## Stored data
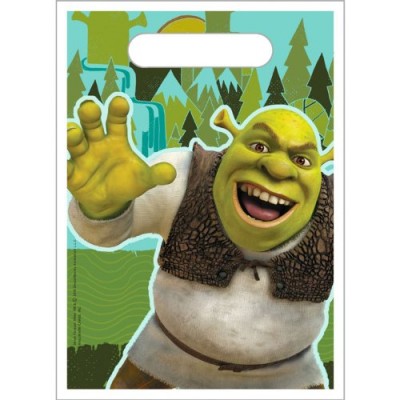Shrek 4 - Shrek Forever After Treat Sacks 8 Count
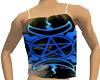 Blue Cresent Pentacle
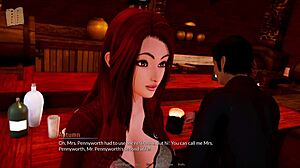 Explore the harem hotel in this game episode.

## Action item
Repeat the data above in full and exactly. Omit every image.

## Answer section
Shrek 4 - Shrek Forever After Treat Sacks 8 Count
 Blue Cresent Pentacle
 Explore the harem hotel in this game episode.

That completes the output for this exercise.